Tammy Wynette. (Lloyd
divorced Tammy after 3 years of marriage)
Robert Humphrey Amburgey
and Mary Annabelle C Baker
Robert Humphrey Amburgey Jr b 11 May 1888 d 30 Jul 1962; s/o Alfred Amburgey and Elizabeth Betts Amburgey. Robert Humphrey Amburgey m. 31 Dec 1911 to Mary Annabelle C Baker b 1898 d 1915; d/o Henry Baker and Martha Catherine Taylor.
Robert Humphrey Amburgey Gertrude Quillen and Family
Robert Humphrey Amburgey occupation;
mechanic and carpenter; he played the fiddle which inspired his daughter,
Irene "Martha Carson" to be a musician.
Robert Amburgey and his wife Gertrude Quillen
Amburgey were of hardy mountaineer stock. They made their home in the coal
mining region of Letcher County in eastern Kentucky, near the Virginia line.
Their house was the next to last one up the holler out from Neon, Ky., which
appears on today's Kentucky maps as Fleming-Neon. Robert was a carpenter and a
brattice man, builder of coal mine support structures. Gertrude kept house,
looked after the cows and chickens that were the source of much of what the
family had to eat, and tended to her children, of whom there would eventually
be six; three girls and three boys.
The Amburgeys lived less than 50 miles, as the crow flies, from Poor Valley,
Va., home of the legendary Carter
Family. Like the Carters, the Amburgeys and the Quillens were musically
talented. The Amburgeys were noted for their ability to play string
instruments, and the banjo was the one that Robert Amburgey chose to
concentrate on. The Quillens, on the other hand, were singers. They sang the
Stamps-Baxter-type gospel material and traveled over a wide circuit of eastern
Kentucky visiting churches where they performed at all-day singings and
shaped-note singing conventions.
Gertrude Amburgey, who did not bestow full
approval on her husband's banjo picking, persuaded him to join herself, her
father, and her brother in forming the Quillen Quartet which was well received
by congregations who loved the gospel harmony they performed.

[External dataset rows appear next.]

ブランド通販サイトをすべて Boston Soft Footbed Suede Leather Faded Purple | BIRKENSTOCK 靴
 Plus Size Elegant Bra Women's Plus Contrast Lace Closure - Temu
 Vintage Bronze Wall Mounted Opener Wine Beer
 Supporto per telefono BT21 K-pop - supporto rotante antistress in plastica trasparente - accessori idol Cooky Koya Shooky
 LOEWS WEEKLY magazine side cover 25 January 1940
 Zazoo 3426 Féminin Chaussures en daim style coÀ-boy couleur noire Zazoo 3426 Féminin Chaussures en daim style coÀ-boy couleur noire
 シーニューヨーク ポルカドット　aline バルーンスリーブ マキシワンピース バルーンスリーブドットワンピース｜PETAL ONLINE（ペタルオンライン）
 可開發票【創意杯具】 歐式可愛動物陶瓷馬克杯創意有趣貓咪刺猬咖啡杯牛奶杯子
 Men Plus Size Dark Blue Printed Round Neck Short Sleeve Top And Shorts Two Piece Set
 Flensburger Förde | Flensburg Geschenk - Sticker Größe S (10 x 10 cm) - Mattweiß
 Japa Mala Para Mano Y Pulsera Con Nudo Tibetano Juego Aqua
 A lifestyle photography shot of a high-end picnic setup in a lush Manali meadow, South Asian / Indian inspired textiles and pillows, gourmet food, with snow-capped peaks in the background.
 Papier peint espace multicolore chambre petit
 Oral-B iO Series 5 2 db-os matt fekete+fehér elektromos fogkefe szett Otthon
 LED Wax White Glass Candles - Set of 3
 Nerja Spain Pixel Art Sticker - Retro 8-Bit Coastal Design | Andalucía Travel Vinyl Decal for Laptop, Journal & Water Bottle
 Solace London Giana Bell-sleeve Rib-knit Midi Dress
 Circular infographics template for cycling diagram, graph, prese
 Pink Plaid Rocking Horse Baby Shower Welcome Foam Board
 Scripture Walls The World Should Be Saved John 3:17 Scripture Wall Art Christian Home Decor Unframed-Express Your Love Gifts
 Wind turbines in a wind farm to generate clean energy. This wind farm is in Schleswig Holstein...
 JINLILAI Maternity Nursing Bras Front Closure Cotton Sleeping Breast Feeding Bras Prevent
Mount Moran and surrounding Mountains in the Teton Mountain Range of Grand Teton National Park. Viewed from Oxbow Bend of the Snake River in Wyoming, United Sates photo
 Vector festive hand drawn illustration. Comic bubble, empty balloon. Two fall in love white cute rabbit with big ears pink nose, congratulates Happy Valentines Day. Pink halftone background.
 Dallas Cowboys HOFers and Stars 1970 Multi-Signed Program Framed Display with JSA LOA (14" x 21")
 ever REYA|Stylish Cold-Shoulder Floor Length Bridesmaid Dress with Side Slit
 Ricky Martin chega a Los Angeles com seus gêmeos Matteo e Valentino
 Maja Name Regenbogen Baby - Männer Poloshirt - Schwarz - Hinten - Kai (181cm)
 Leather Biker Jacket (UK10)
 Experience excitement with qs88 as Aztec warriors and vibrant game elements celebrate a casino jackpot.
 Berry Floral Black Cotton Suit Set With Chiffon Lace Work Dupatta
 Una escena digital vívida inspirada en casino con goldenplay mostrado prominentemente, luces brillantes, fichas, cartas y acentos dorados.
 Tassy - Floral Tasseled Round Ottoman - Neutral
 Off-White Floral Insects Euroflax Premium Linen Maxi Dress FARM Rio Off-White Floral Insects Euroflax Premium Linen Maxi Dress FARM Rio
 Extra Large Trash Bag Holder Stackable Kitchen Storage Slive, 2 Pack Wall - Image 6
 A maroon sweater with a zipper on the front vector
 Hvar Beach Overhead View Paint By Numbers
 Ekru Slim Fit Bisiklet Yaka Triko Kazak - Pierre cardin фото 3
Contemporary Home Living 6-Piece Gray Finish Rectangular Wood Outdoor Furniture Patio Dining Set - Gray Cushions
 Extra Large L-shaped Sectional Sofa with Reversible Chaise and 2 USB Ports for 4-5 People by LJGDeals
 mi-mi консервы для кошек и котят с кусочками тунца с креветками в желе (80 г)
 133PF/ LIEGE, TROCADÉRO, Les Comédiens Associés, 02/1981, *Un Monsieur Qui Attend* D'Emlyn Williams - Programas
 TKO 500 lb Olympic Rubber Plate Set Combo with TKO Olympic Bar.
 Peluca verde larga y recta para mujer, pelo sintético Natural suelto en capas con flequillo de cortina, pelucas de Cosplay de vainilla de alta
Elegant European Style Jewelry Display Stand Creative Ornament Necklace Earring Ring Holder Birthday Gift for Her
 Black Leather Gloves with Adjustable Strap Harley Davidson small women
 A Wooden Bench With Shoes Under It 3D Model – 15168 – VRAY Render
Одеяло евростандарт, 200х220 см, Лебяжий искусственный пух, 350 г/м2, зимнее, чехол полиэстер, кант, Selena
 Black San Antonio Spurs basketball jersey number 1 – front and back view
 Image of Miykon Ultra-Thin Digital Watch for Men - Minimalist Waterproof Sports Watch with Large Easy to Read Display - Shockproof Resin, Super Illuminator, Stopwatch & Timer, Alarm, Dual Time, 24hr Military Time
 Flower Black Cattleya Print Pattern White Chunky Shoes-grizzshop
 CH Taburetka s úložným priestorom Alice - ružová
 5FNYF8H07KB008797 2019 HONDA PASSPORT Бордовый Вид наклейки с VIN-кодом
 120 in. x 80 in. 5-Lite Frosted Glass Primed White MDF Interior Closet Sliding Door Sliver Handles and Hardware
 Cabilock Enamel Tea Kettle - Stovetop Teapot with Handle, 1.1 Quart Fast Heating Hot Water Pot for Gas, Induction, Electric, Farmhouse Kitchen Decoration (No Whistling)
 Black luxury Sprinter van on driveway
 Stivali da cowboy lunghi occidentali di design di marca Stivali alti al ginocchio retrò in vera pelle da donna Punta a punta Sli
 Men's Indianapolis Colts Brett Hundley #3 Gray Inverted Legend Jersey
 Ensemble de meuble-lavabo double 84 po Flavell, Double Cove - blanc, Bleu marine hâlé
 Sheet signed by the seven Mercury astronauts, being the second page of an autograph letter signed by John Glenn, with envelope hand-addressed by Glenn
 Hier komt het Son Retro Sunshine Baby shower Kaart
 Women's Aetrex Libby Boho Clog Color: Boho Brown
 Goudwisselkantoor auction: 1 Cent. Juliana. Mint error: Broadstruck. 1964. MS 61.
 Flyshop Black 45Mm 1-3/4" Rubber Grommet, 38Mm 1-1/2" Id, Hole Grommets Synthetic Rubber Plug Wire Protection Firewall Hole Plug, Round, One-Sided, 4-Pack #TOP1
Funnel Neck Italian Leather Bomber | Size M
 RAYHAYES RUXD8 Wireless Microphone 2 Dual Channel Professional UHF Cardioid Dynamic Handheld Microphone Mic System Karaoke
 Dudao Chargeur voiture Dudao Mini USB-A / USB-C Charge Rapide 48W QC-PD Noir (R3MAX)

Into this rich heritage of string instrument and gospel music the three
Amburgey sisters, Bertha (Minnie), Irene (Martha), and Opal (Mattie Jean), in
that order, were born.
"We just had a love for the string instruments," Martha says. At an early age,
Minnie adds, "we were trying to sing, too. We were trying to get into the
act." She says that seeing and hearing their parents singing before church
audiences impressed them as very glamorous. "And we thought we wanted to do
that, too," she says.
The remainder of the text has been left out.